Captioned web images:
--- START ---

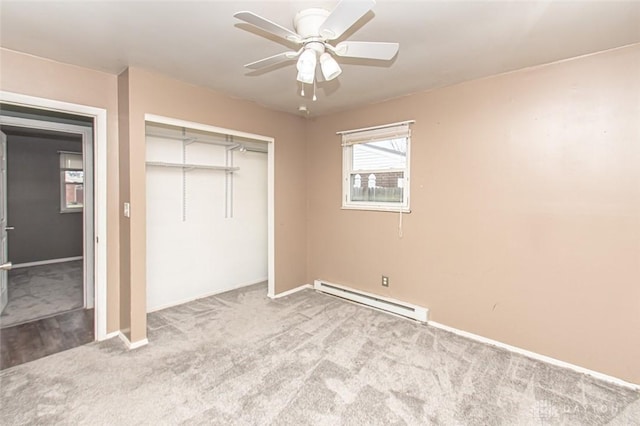 unfurnished bedroom featuring a baseboard heating unit, light colored carpet, a closet, and ceiling fan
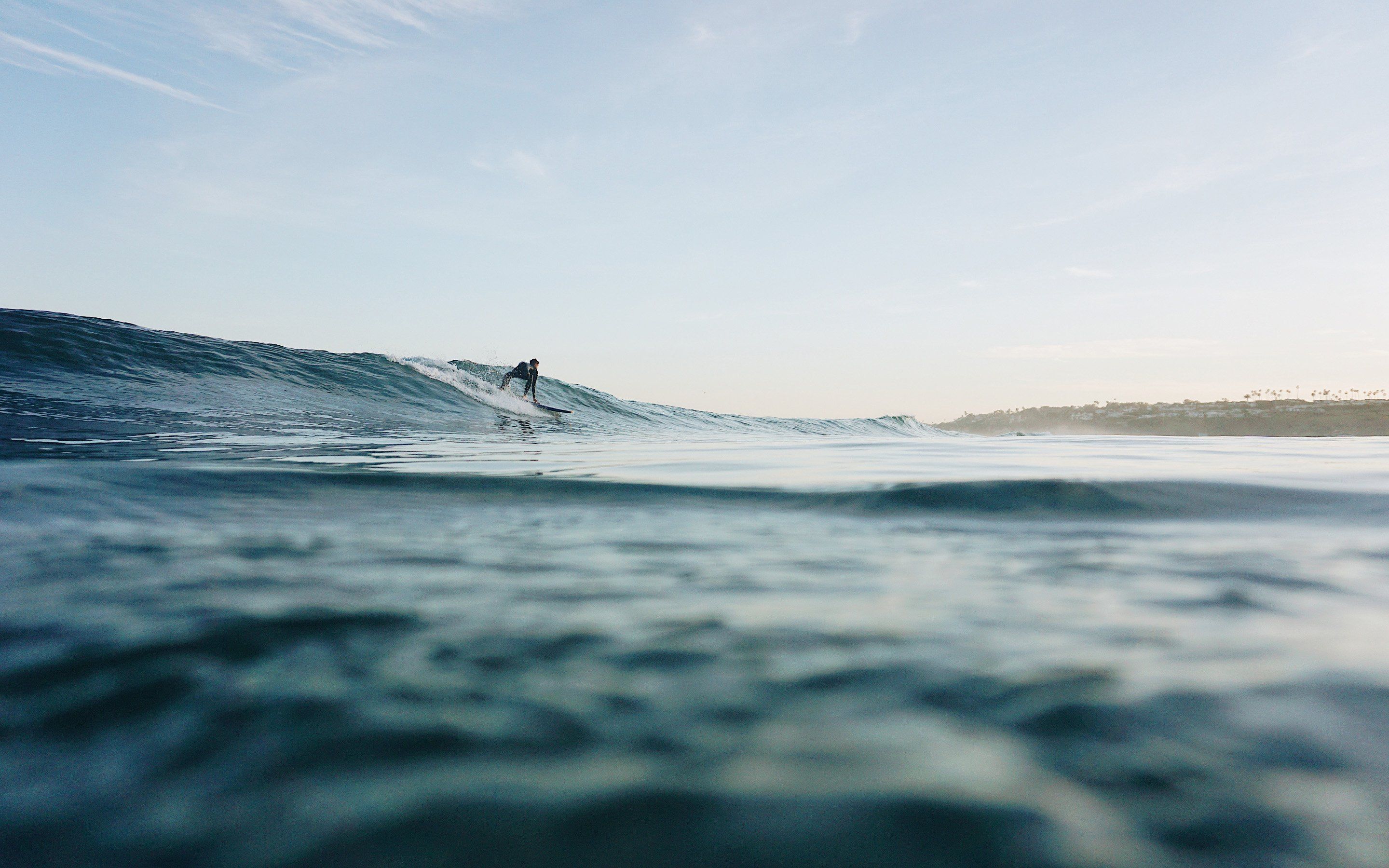 A surfer is riding a wave in the ocean. - Surf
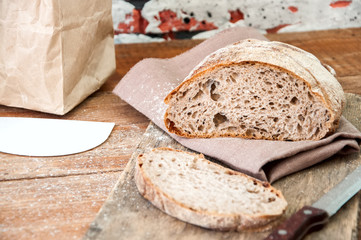 Freshly baked homemade artisan sourdough rye and white flour bread.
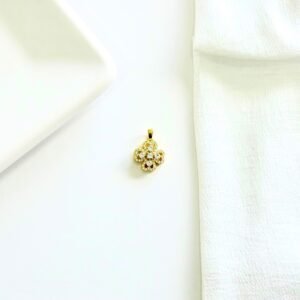 Dije giratorio dorado con piedras y strass.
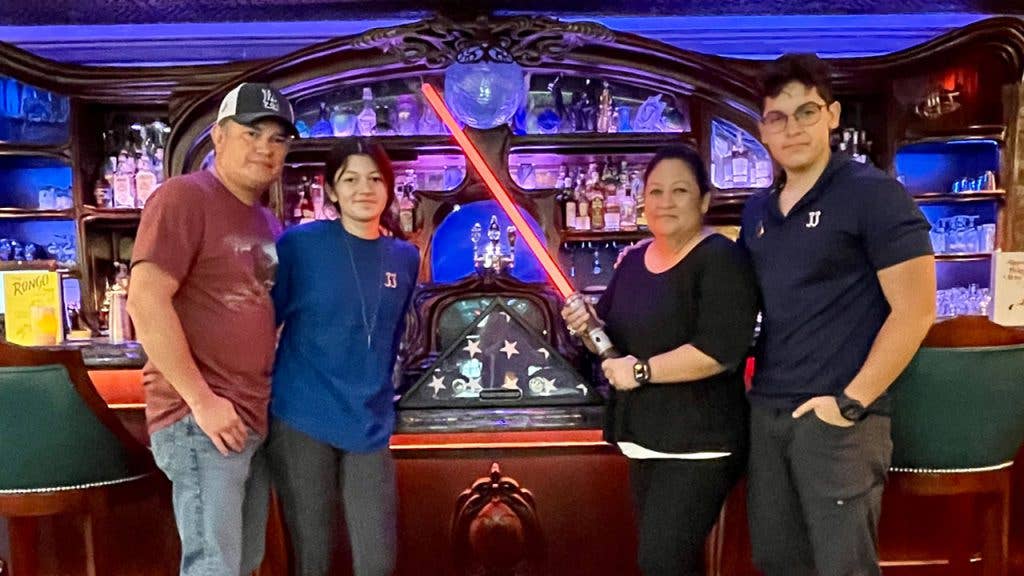 <em>The Lopez family at Club 33 with the replica of Hunter's lightsaber and the flag (Disney Parks)</em>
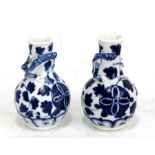 A small pair of 19th century Chinese porcelain baluster vases painted in underglaze blue with two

--- END ---

* [REQUIREMENT]:
Exact repeats of the lines from the first one in the data through the line containing "<em>The Lopez family" make up the answer. Pictures do not.

* [ANSWER AREA]:
 unfurnished bedroom featuring a baseboard heating unit, light colored carpet, a closet, and ceiling fan
 A surfer is riding a wave in the ocean. - Surf
 Freshly baked homemade artisan sourdough rye and white flour bread.
 Dije giratorio dorado con piedras y strass.
 <em>The Lopez family at Club 33 with the replica of Hunter's lightsaber and the flag (Disney Parks)</em>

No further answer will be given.